Вроде обо всем договорились в Париже в 2015 году. Через год вновь встретились в Берлине. Президент России напомнил, что даже «формулу Штайнмайера», всеми одобренную год назад, не удалось зафиксировать на бумаге. Порошенко в ответ произнес: «А вдруг ОБСЕ доложит, что выборы были нечестными». Тут российский президент развел руками — это очевидно! Ведь, говоря о том, что закон окончательно вступит в силу, когда выйдет итоговый доклад ОБСЕ, естественно все исходят из того, что это произойдет в том случае, если в докладе будет сказано, что все в порядке. Раз Петра Порошенко это так смущало, если, конечно, не являлось просто очередной игрой, мы предложили расширить «формулу Штайнмайера» и записать, что только доклад ОБСЕ с подтверждением справедливости и честности выборов будет «триггером» для вступления в силу закона на постоянной основе. Все согласились.

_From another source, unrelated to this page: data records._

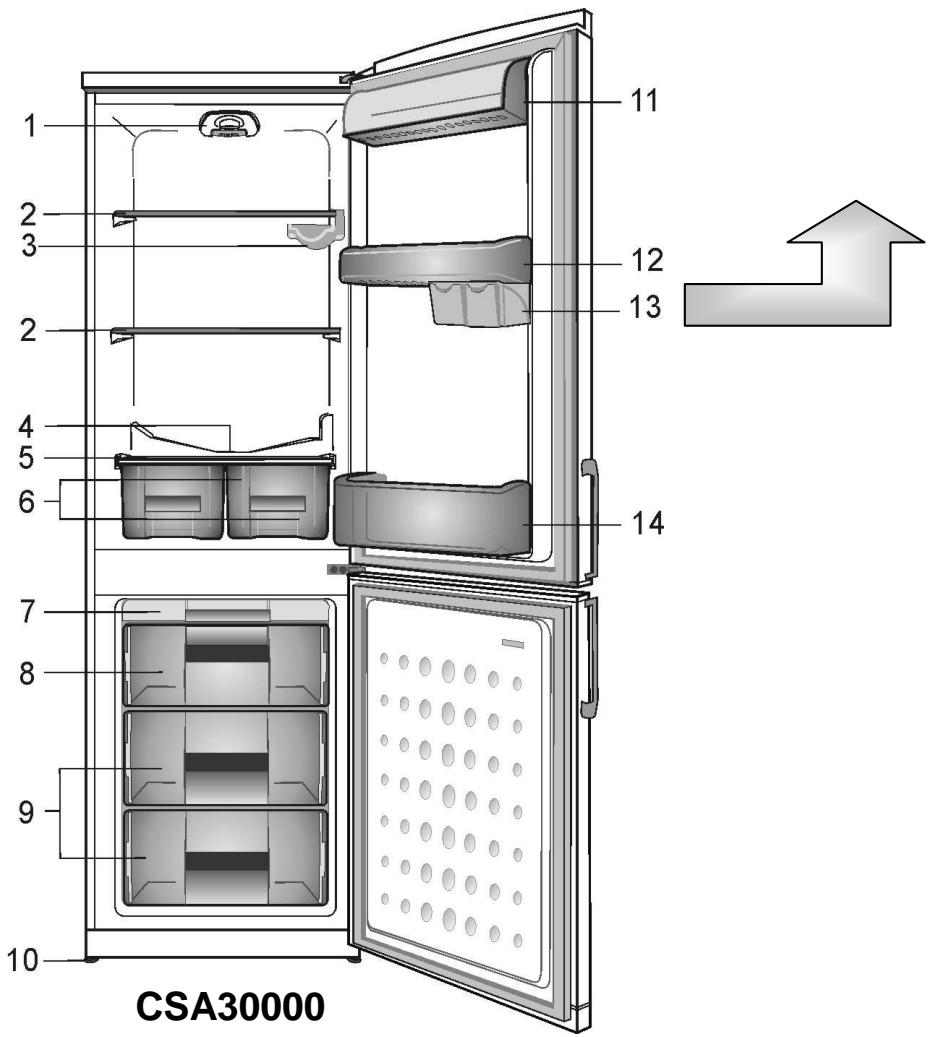 BEKO CSA30010 - GB Index - 4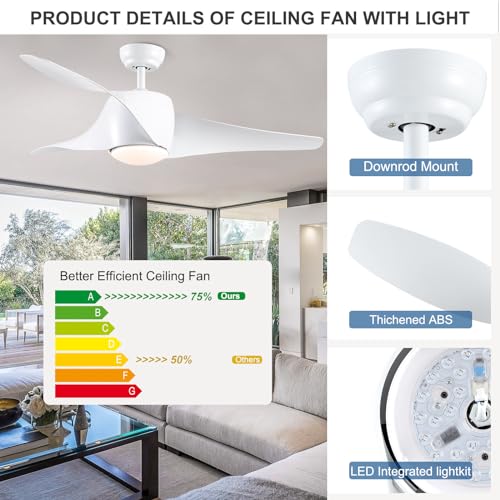 SNJ Smart Ceiling Fans with Lights and Remote, 52" White Ceiling Fan with Light, Modern Ceiling Fans with Remote/APP/Alexa Control, 3 Reversible Blades, Dimmable, Ceiling Fan for Bedroom Dining Room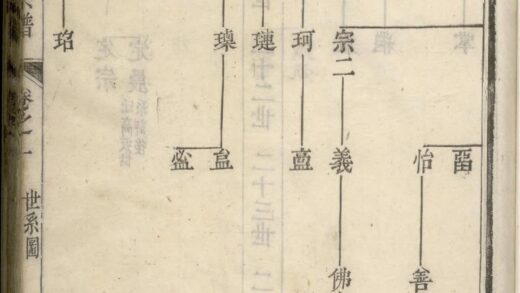 01684 松溪周氏宗谱 0.jpg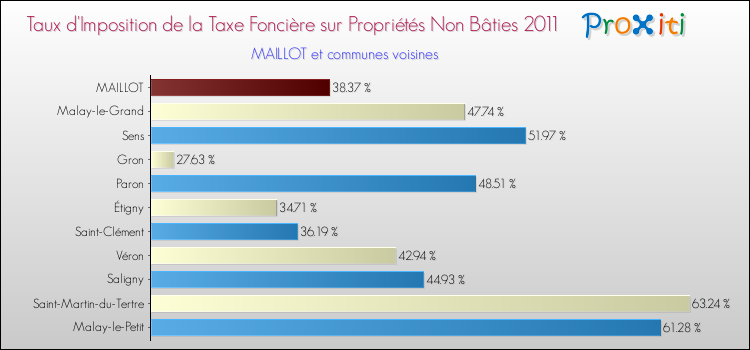 Taux d'imposition de la taxe foncière sur les immeubles et terrains non batis 2011 pour MAILLOT et les communes proches Comparaison des taux d'imposition de la taxe foncière sur les immeubles et terrains non batis 2011 pour MAILLOT et les communes voisines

Но прошло три года. В своем интервью Петр Порошенко произнес еще одну интересную вещь: «Я хочу вам рассказать, я впервые это рассказываю, о последней встрече в Берлине с Путиным, Меркель, французским президентом и вашим покорным слугой. Когда Путин сказал: "У нас есть «формула Штайнмайера», написанная Лавровым", я говорю: "Извините, вот письмо двух министров иностранных дел Франции и Германии и господина Штайнмайера, где они излагают, что это — формула Штайнмайера. Пожалуйста, посмотрите". Путин берет эту формулу, читает и говорит: "Нет, это совсем не то, у нас Лавров написал формулу Штайнмайера"».

Честно говоря, знаю Петра Порошенко с того времени, когда он был министром иностранных дел. Он всегда старался быть внешне приличным человеком. Не получалось. Это просто прямая ложь. На самом деле, когда президент России в Берлине — через год после Парижа — упомянул «формулу Штайнмайера» и предложил что-то сделать, Порошенко стал «отруливать» назад и объяснять, как он ее понял. На это российский президент сказал ему: «Петр Алексеевич, зачем вы фантазируете? Вот, Франк-Вальтер Штайнмайер сидит рядом с нами». Так и было. Лавров там не упоминался. Там сидел Штайнмайер, его можно было спросить, подтверждает ли он сказанное. Он бы сказал — да. Зачем валять дурака.

— Не на этой ли встрече Петр Порошенко предложил Владимиру Путину забрать Донбасс?

— Это не моя тайна. Это был разговор «один на один». Не удивлюсь, если окажется правдой, то, о чем вы сейчас догадываетесь.

— В каком году это было?

— Наверное, 2015-й, а может быть, 2016-й.

— Так или иначе, но подписание согласованного варианта «формулы Штайнмайера» должно было открыть дорогу к саммиту «нормандской четверки». Документ планировали подписать в Минске на заседании Контактной группы 18 сентября, но этого не случилось.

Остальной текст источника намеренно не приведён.